Sonax do szyb, zielony - tego raczej nie polecam. Czyściłem już 3 razy, a i tak gdzieś pod słońce, jak pada pod innym kątem, potrafią się pojawić jakieś mazy
Sonax szampon taki pomarańczowy. Opinie mieszane. Miałem na drzwiach fragmenty silokonu z uszczelek, do których z czasem poprzyklejał się brud. Szamponem można sobie trzeć i trzeć. Odrobina Sonaxa do smoły i zeszło momentalnie.
Sonax - spray do czyszczenia wnętrza samochodu. Jak się dość intensywnie potrze, to udaje się nawet doczyścić rączki pod sufitem i to również od wewnątrz. Na tapicerce również nie jest w stanie całkiem usunąć brudu z pokrywy głośnika, ale nie jest źle. Plastiki czyści OK, ale bez rewelacji, bo trzeba się natrzeć.

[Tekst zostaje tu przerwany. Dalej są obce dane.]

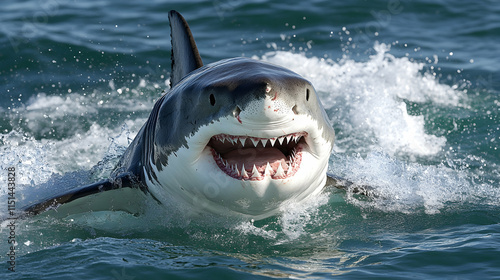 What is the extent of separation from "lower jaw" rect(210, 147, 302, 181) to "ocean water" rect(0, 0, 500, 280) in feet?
1.53

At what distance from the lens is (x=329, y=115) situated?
23.8 ft

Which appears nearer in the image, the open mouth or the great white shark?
the great white shark

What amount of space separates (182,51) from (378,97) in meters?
3.40

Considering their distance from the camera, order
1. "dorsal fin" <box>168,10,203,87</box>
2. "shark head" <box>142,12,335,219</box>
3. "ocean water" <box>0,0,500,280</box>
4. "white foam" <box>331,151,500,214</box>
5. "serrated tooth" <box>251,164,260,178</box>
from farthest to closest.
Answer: "dorsal fin" <box>168,10,203,87</box> → "white foam" <box>331,151,500,214</box> → "ocean water" <box>0,0,500,280</box> → "serrated tooth" <box>251,164,260,178</box> → "shark head" <box>142,12,335,219</box>

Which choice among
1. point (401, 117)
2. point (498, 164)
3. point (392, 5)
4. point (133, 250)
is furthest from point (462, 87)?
point (133, 250)

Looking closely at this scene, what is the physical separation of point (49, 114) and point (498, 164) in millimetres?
4718

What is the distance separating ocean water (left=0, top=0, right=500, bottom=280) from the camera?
3457mm

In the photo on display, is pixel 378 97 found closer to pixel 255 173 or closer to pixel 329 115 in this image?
pixel 329 115

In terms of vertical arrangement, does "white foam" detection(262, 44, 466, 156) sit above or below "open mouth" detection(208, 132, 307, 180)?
below

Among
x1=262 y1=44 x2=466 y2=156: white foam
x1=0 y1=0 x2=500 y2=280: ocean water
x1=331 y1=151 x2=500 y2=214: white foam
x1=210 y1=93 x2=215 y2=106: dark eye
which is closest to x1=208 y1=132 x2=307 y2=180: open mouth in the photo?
x1=210 y1=93 x2=215 y2=106: dark eye

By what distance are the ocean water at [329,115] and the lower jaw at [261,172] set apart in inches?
18.3

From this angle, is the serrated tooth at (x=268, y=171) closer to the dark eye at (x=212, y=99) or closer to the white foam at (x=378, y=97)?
the dark eye at (x=212, y=99)

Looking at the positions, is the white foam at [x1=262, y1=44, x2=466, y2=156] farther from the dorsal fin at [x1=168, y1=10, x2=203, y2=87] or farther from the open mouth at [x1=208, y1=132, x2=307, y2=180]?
the open mouth at [x1=208, y1=132, x2=307, y2=180]

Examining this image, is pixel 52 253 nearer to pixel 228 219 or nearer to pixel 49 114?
pixel 228 219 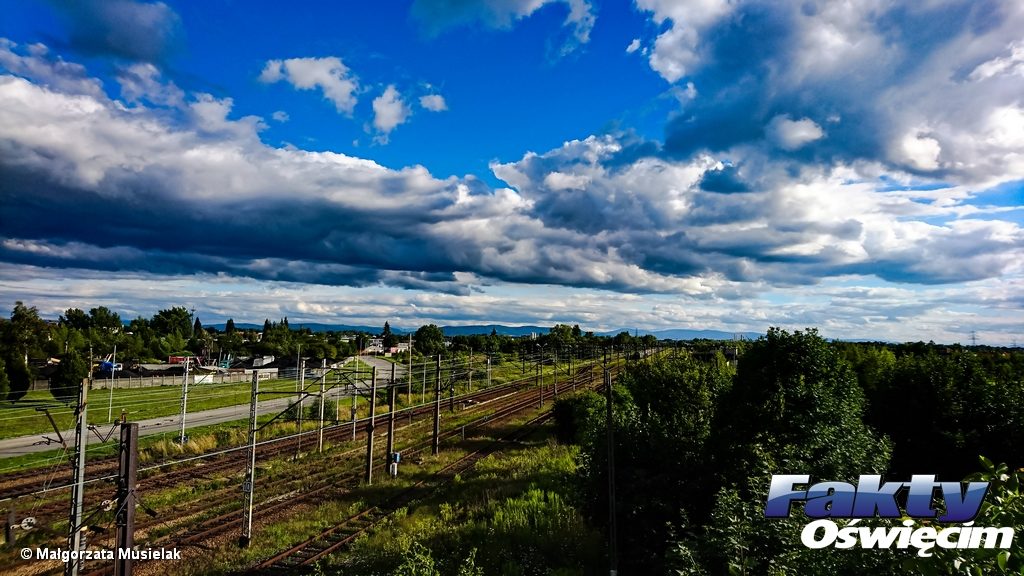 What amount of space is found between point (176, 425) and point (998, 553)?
6522 cm

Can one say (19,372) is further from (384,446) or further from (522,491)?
(522,491)

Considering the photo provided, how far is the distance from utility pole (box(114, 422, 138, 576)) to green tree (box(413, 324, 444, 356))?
9817cm

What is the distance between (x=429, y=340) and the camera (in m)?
119

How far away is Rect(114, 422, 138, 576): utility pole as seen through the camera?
569 inches

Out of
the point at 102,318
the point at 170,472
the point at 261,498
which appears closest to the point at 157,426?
the point at 170,472

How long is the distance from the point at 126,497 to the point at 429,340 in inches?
4111

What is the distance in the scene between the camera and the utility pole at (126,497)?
14.5 m

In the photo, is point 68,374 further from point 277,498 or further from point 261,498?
point 277,498

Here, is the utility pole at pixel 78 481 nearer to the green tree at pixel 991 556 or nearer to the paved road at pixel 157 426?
the green tree at pixel 991 556

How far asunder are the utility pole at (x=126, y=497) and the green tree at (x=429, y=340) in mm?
98169

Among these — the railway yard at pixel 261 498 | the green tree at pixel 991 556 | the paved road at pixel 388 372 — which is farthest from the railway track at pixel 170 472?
the green tree at pixel 991 556

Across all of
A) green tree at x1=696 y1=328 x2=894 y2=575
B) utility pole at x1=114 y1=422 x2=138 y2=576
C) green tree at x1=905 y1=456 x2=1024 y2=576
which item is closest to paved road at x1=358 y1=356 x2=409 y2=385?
utility pole at x1=114 y1=422 x2=138 y2=576

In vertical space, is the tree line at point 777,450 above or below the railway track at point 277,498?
above

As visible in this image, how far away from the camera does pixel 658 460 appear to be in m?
18.6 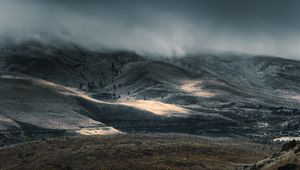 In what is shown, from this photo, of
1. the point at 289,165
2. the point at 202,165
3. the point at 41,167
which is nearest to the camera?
the point at 289,165

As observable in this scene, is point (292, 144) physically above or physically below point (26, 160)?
above

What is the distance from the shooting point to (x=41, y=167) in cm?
13050

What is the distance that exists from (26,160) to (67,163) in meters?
15.1

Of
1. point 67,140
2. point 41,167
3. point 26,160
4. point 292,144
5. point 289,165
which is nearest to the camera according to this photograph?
point 289,165

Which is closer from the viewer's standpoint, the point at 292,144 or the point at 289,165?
the point at 289,165

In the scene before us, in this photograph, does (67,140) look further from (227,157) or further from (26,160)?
(227,157)

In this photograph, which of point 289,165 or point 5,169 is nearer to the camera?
point 289,165

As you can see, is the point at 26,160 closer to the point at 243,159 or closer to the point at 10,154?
the point at 10,154

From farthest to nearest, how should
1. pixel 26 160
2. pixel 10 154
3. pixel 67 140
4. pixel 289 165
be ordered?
pixel 67 140
pixel 10 154
pixel 26 160
pixel 289 165

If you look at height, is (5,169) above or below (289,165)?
below

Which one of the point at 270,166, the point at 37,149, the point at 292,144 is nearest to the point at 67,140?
the point at 37,149

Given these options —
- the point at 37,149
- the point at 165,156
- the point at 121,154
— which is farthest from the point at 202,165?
the point at 37,149

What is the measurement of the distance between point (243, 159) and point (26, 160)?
176 ft

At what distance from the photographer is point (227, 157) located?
454 ft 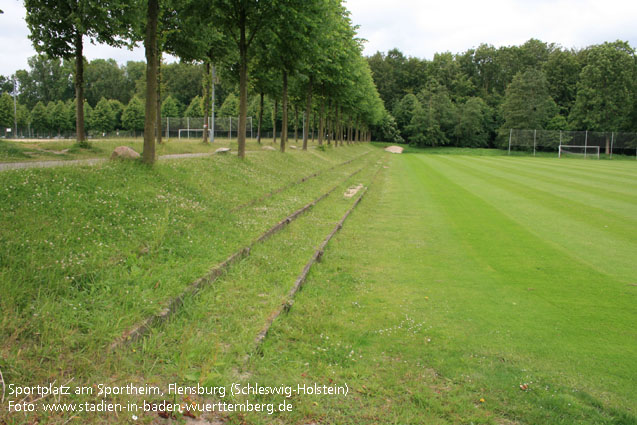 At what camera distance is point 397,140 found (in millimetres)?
102750

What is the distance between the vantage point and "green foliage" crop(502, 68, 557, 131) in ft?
250

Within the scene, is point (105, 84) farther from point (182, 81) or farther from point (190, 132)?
point (190, 132)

Wszystkie opisane wyżej produkty były z serii standardowej, tzn. nie Nano Pro. Być może tamte są lepsze, ale boję się tych nanocząstek.
A teraz pytanie - czyściłem tym ostatnim osłony przeciwsłoneczne kierowcy i pasażera i trochę wyjechałem ścierką na podsufitkę. I teraz porobiły mi się takie brzydkie plamy, typu jeziorko 2 x 3 cm, a na jego krańcach bardzo ciemne od brudu. Jak się tego szybko pozbyć? Nie uśmiecha mi się przejechanie tym sonaxem całej podsufitki, bo jest w miarę czysta.
Aktualizacja: jednak musiałem zrobić całą. To jest taki środek, że jak już się zacznie, to trzeba cały element, bo inaczej będzie się odznaczał.
Teraz pytanie:
Usuwając smołę tą glinką, nie pomyślałem, żeby ją zagniatać, żeby nieczystości szły do wewnątrz i w jednym miejscu zrobiłem sobie takie małe, koliste rysy. Jak to najlepiej usunąć? Tylko nie piszcie, że pastą Tempo, bo to metalik.